Schooner has always reminded me of the local bands I came to love in Colorado: loved enough locally to keep the dream alive through lineup changes, day jobs, and countless other struggles, but never able to get over the hump. Neighborhood Veins, Schooner’s first national release, is the momentum they need to get over that hump.
For local fans, Neighborhood Veins is less of a new record and more of a remastered, reimagined compilation of the songs the band has been playing live the last few years. The album is untamed and pulsing with vibrant, organic production that makes it a fitting soundtrack for nooks and crannies of the Triangle it grew out of.

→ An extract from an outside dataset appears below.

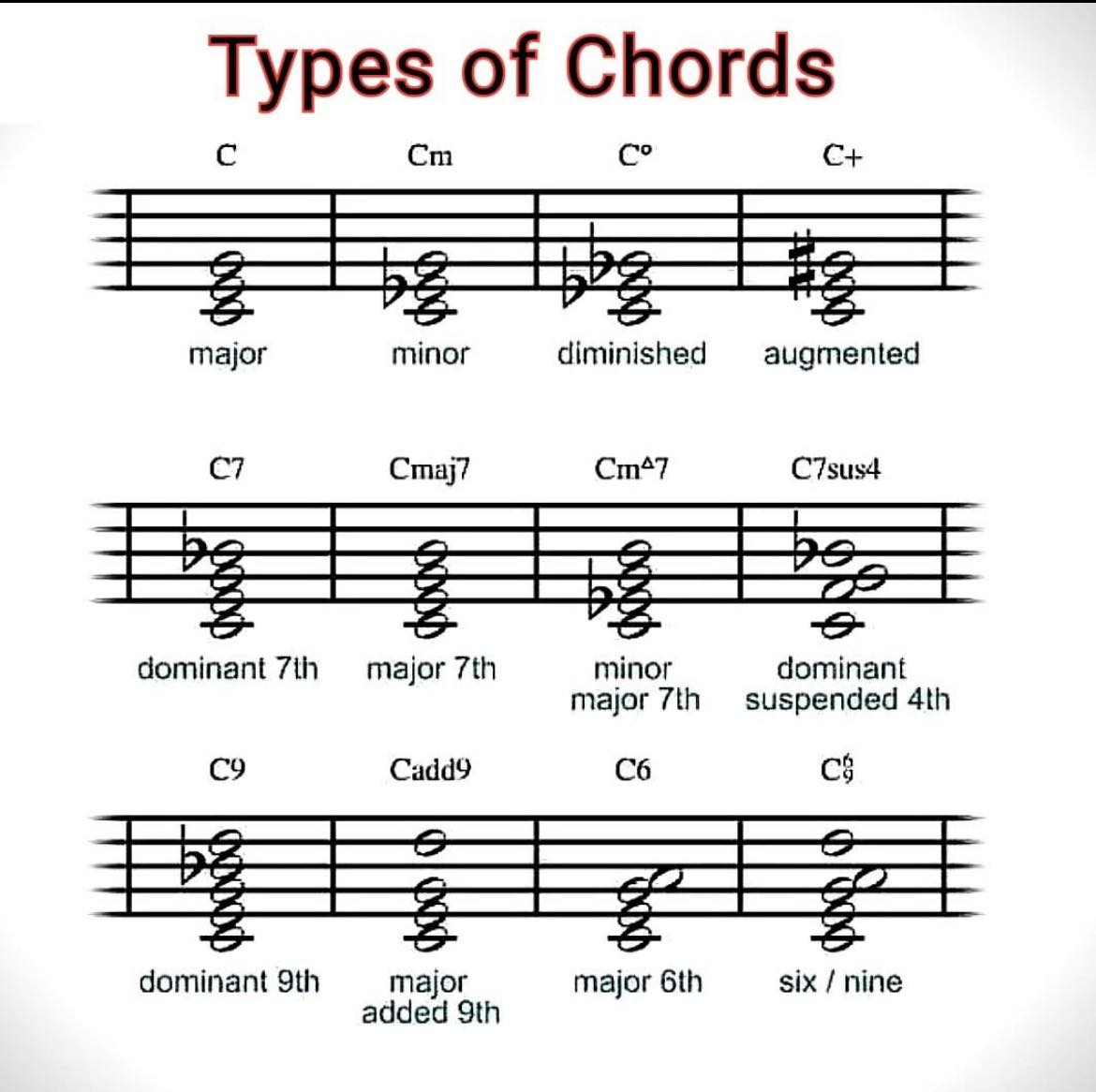 Kchub - LET'S STUDY THE BASIC CHORDS 🎼🎼🎼🎼🎼🎼🎼🎼🎼🎼🎼🎼🎼🎼🎼🎼🎼 The main types ...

The opening sequence is the best thing Schooner has ever recorded. “It Won’t Matter” combines the deep sighing emotions of the previous high watermark “Maybe We Lose In The End” with propulsive pop, but the brilliance is in the transition to “Trap.” It’s a seamless switch with a badass guitar line rising up until frontman Reid Johnson bursts into the record’s catchiest track.

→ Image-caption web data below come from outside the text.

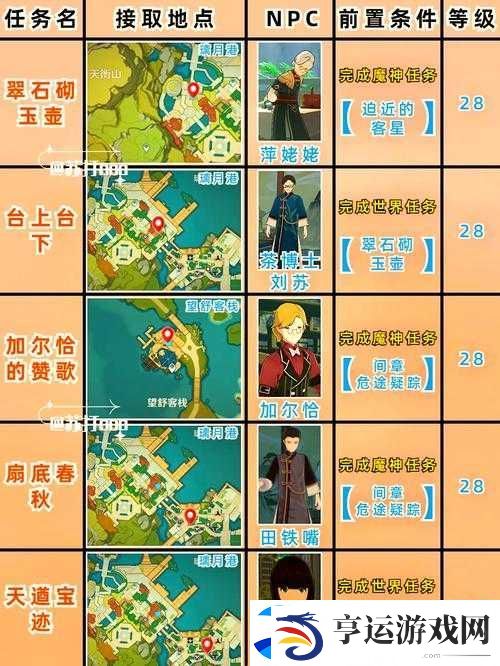 原神1.4潺潺向前其一任务怎么完成-详细攻略带你揭秘！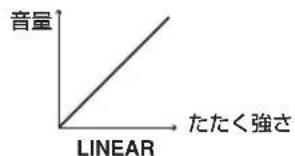 音量 たたく強さ LINEAR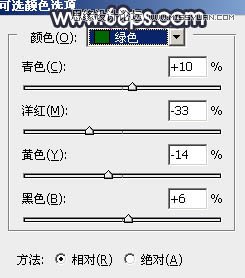 Photoshop调出外景人像甜美的暖色效果图,PS教程,图老师教程网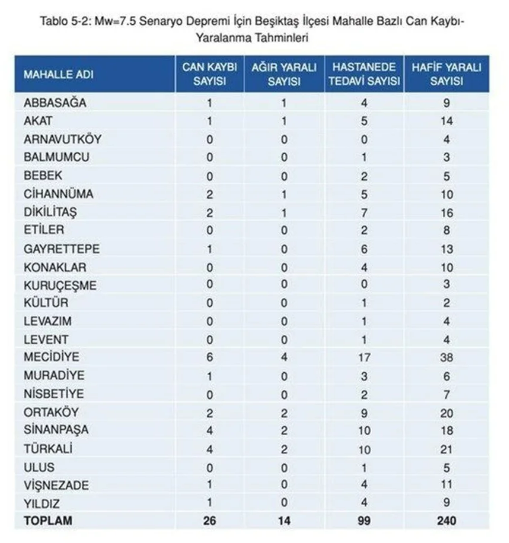 Kaç kayıp bekleniyor? İşte İstanbul’da ilçe ilçe deprem sonrası can kaybı tahminleri - Resim: 11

Some off-tempo tracks like “Floodlights And Ghosts” keep the energy palpable. The effective repetition of the three-word titles in “Still In Love” and “Say My Name” are swirling, pleasant aural traps.

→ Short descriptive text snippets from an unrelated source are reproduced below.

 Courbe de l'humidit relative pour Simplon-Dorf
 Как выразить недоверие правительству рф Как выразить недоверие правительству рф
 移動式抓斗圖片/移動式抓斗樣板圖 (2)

The momentum isn’t sustained in much of the Neighborhood Veins’ second half. The improvised interlude “Veins” stops the album cold and its contributions to the organic atmosphere aren’t enough to compensate. Other than “Say My Name,” the final tracks struggle to regain the opening’s energy. It culminates in an 11-minute, aleatoric ramble that’s forgivable, but still frivolous.
These qualms are minor overall and Neighborhood Veins’ opening half is strong enough to overcome it. Schooner has earned renewed attention and they have a good chance to take the next step many of their Triangle peers have.
Schooner will play an album release show at The Pinhook tonight, September 24, with D-Town Brass and See Gulls. Tickets are $5.